I have some fairly intricate (and stressful) health and finance-related decisions to make right now, so I’m doing the mature, responsible thing: procrastinating!

…by putting my 2018 goals on paper/WordPress, so it counts.

Who knows what all I will actually accomplish, but during conversations with the last guy I started seeing, I realized that one of my biggest flaws is that I am afraid to dream big anymore. Frequently because, unfortunately, I am afraid to fail (yes, cultivating more of a growth mindset is something I’m currently working on, too).

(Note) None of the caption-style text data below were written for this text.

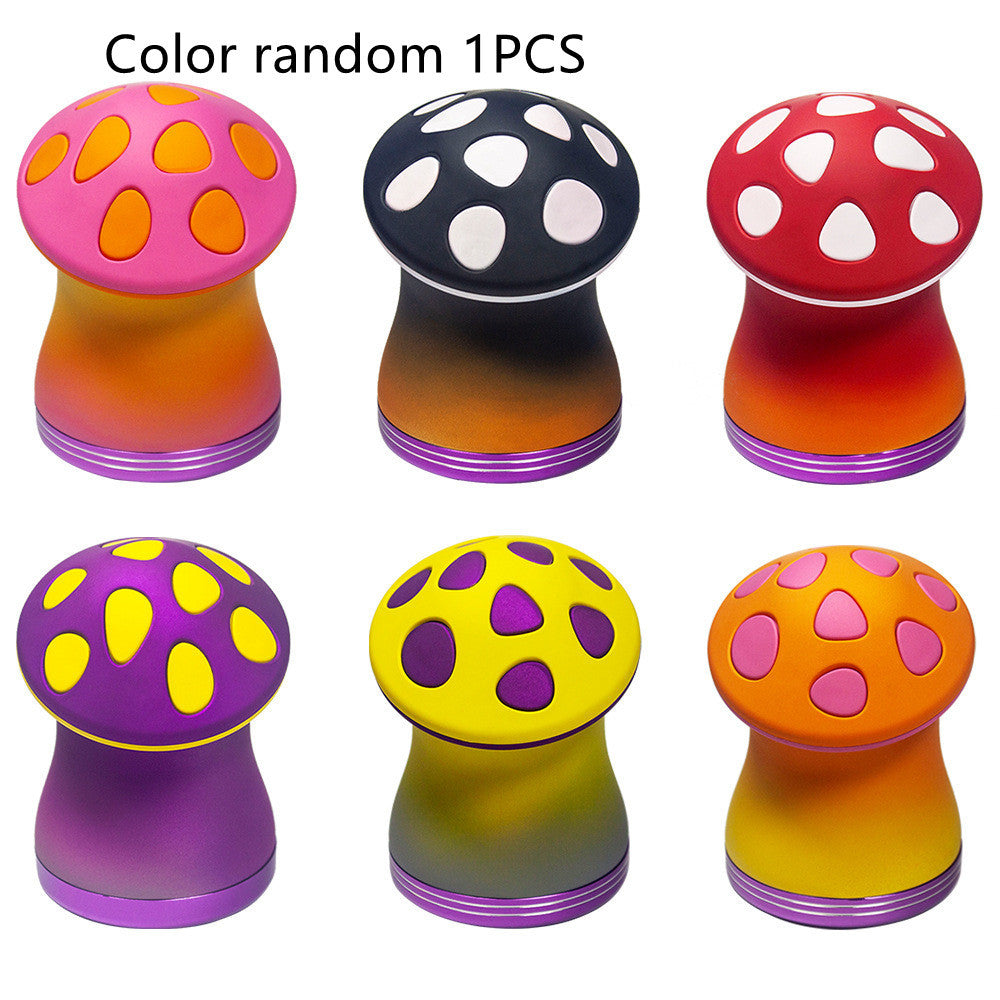 75mm Four-layer Zinc Alloy Tobacco Smoke Eliminator Grinding Machine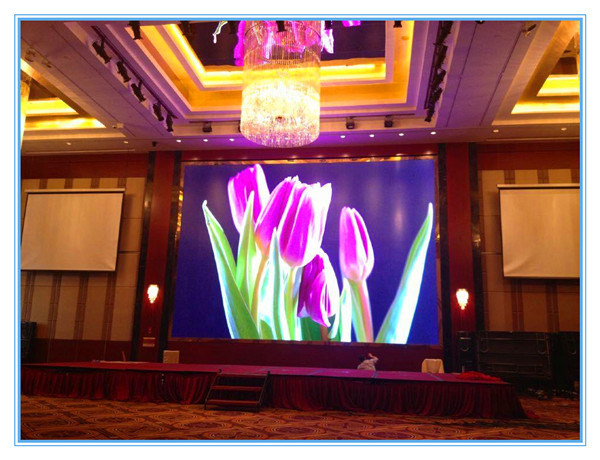 P6 Indoor High Brightness Full Color LED Display Screen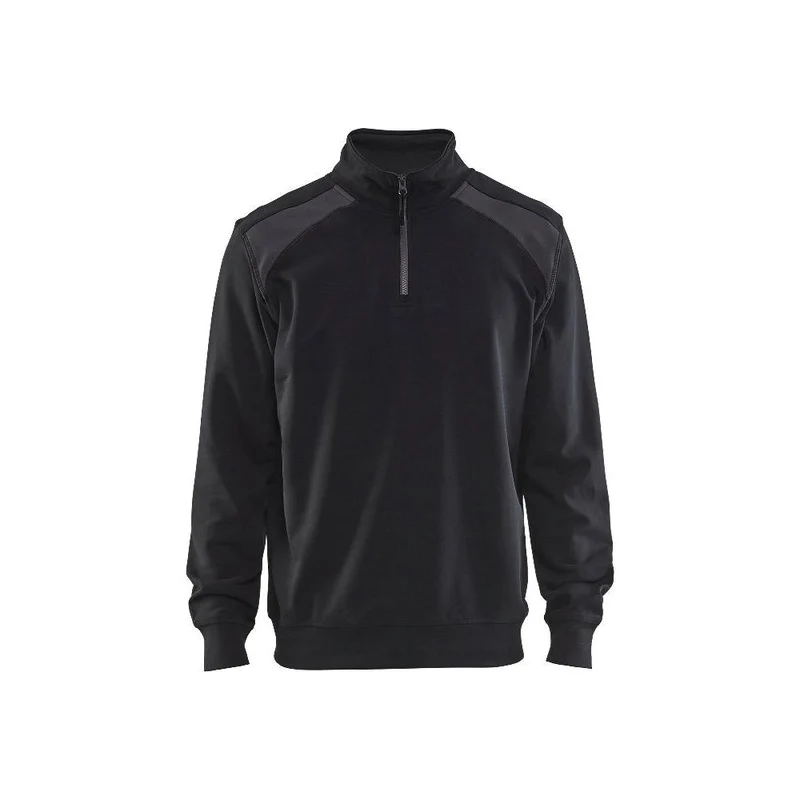 Blaklader Sweatshirt Bi-Colour met Half Zip 3353-1158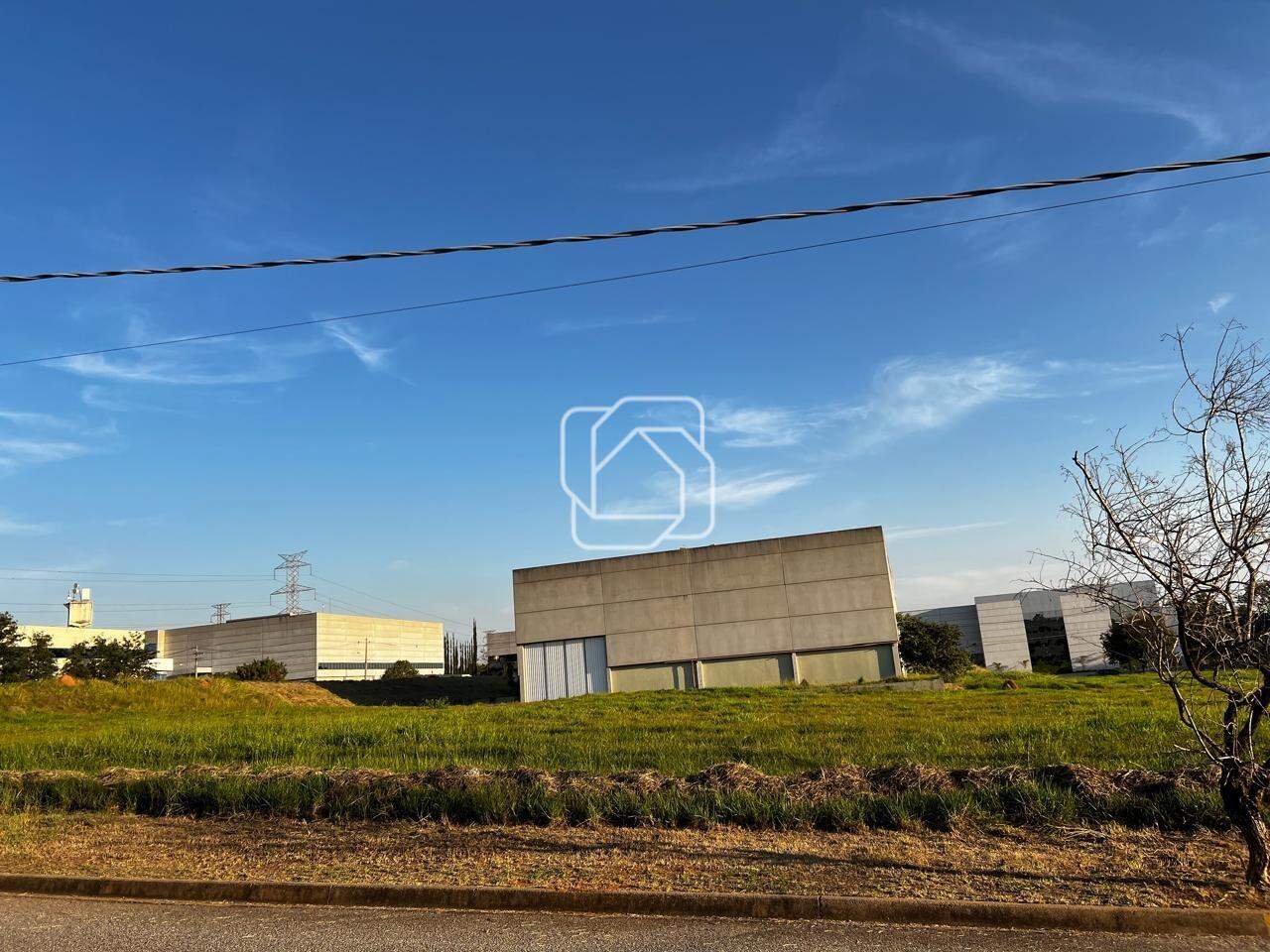 Terreno à venda em Itu - SP - Loteamento empresarial JPH: Visão geral do terreno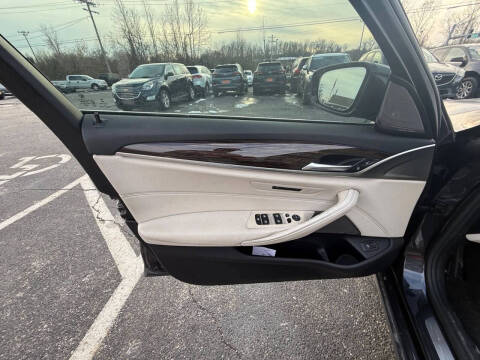 2017 BMW 5 Series 540i xDrive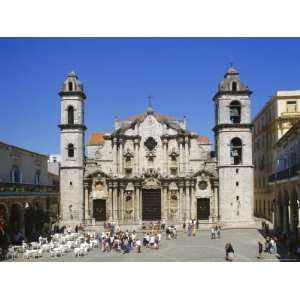  Catedral De La Havana, the Cathedral in Old Havana, Cuba 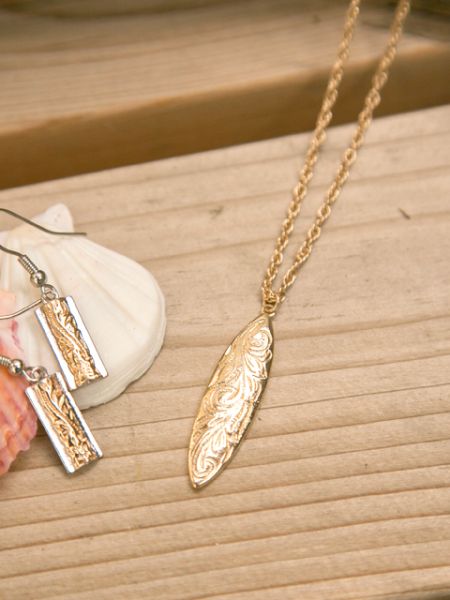 スクロールサーフネックレス(SILVER): 『Kahiko(カヒコ)』公式通販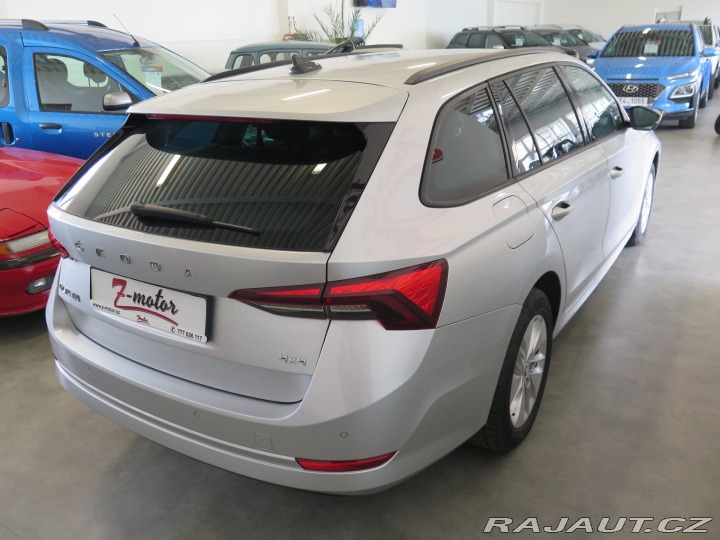 Škoda Octavia 2.0TDI,4x4,DPH,DSG,navi 2021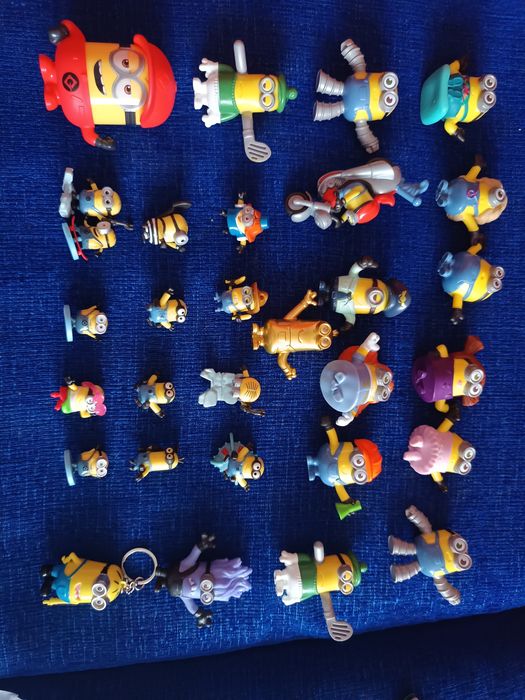 Minionki kolekcja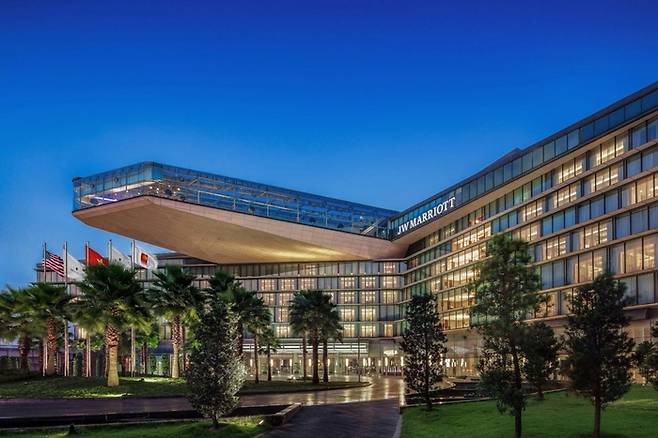 JW 메리어트 호텔 하노이 전경 / 사진=JW 메리어트 호텔 하노이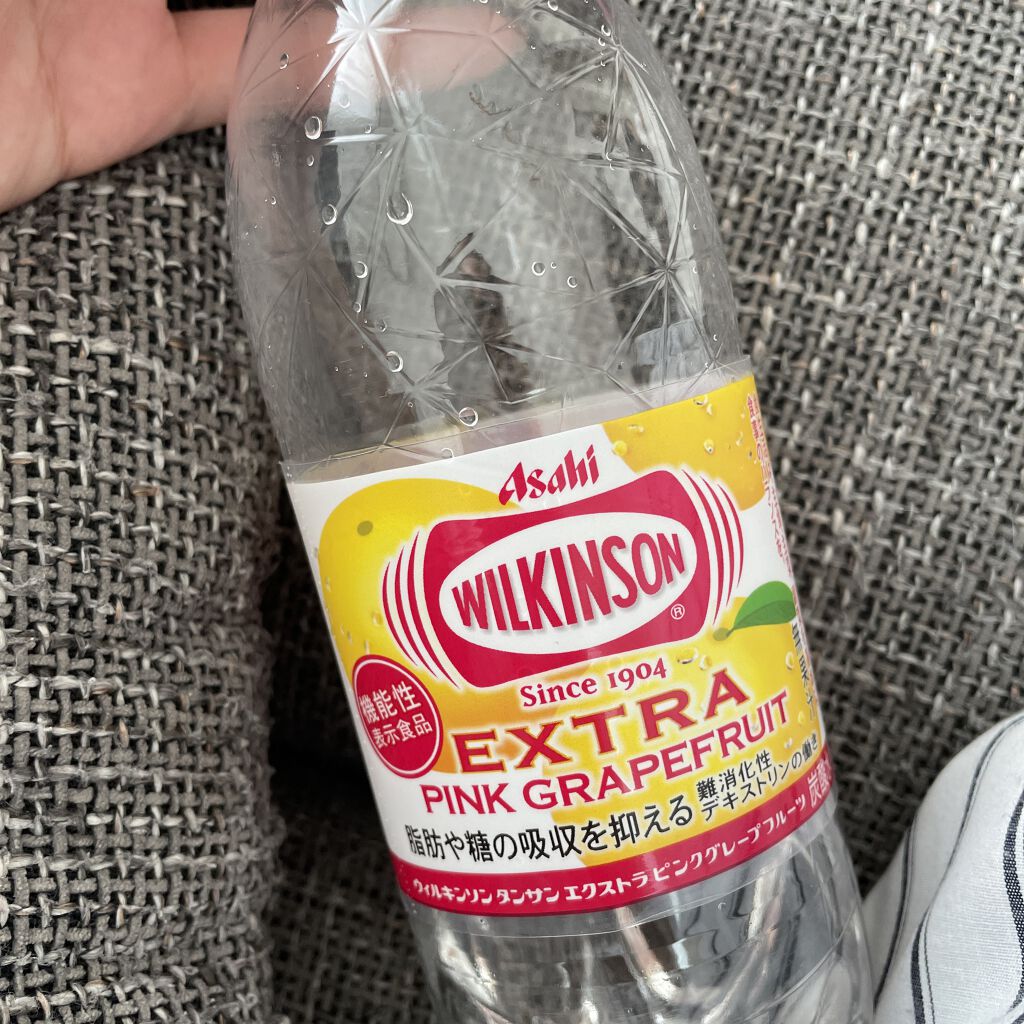 ウィルキンソン タンサン エクストラ ピンクグレープフルーツ/アサヒ飲料/ドリンクを使ったクチコミ（1枚目）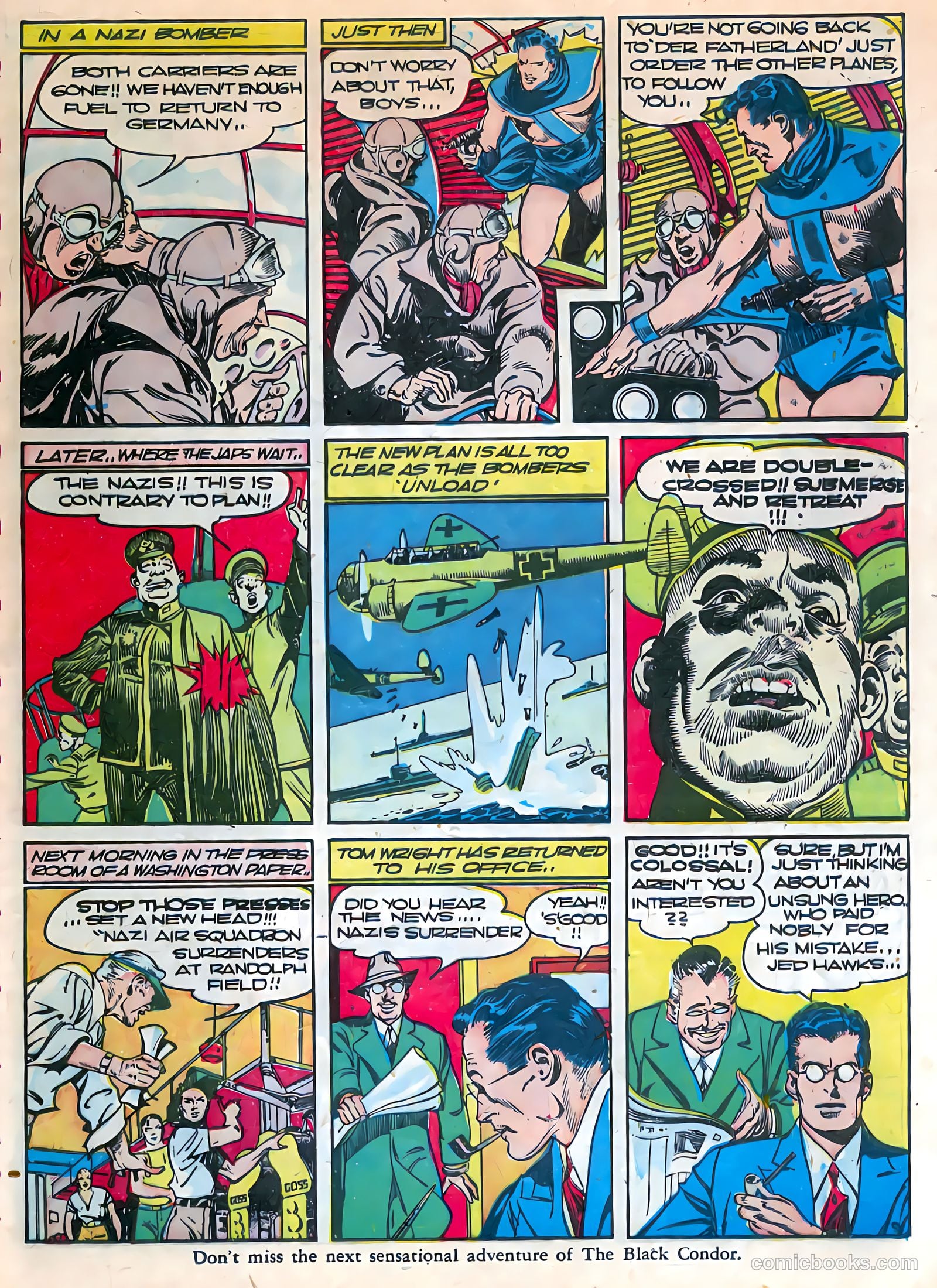 Crack Comics #23 — page 11 of 68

I plan to edit this post as I think of more, but here we go for now! In 2018 I aim to:

  • Present at an academic conference (which would be my second ever)
  • Hit that oft-coveted six-figure salary (well, or earn that much–it doesn’t have to be through salary alone)
  • Finish paying off that one semester of grad school I actually went into debt for (the rest of it was paid for when I went completely outside my department for my grad assistantship and started writing at the news bureau–one of the best decisions I have ever made)
  • Actually finish one of these darn books I’ve started, and then publish it (self-published counts too, if I decide to go that route)
  • Keep up with my blog consistently again
  • Take one trip somewhere. Not for business; just because I want to.
  • Get my strength, speed, flexibility, and endurance back up to a level at which I am proud of them. My goal used to be to squat 300 pounds someday. Maybe this year, as I baby both of these knees and work on the whole exercise-induced asthma thing, I will set my sights on squatting 250, doing ten pull-ups (not chin-ups, which I find to be much easier) in one go, and running three miles without a walk-break…and/or asthma attack at the end. I’d love to regain my needle (also called a “straight-leg scorpion”) body position, too.
  • This one sounds absolutely inane. Because I was a college cheerleader and I have coached competitive cheerleading, tumbling, and/or gymnastics consistently for nearly the past six years now. But I want to get rid of this irrational fear of doing all my standard tumbling skills again. I’d love to be in a place mentally where I can just throw standing tucks (sober anyway, because I even threw standing fulls, standing arabians, cart-arabians, side-somis, etc. when I was drunk) without questioning myself. The irritating part is that physically, I obviously could still do tucks in my sleep. Even now, at a much heavier weight and very out of practice, I could physically do a triple-toe-back without an issue. But all those old injuries, and the ever-present doubt of myself…those are the real killers.
  • I don’t know how to quantify this one, or really “measure” success, per se…but I also want to make sure that this year, I completely stop making all this effort for people who aren’t willing to do the same for me. Period. I have had this terrible habit in nearly all of my relationships where I have been willing to put forth more of the effort, do all the emotional labor, make excuses for their behavior, swallow my own hurt so as not to hurt the person in question, and really be the one to do all the sacrificing, all while demanding near perfection from myself and taking unnecessary blame for things that weren’t my fault. So basically, I have emulated most of the women in my mother’s generation; I am determined not to raise daughters who will see my example and do the same.
  • Finish that damn blanket for my mother that I started knitting years ago. Mostly I just need to sew those squares together!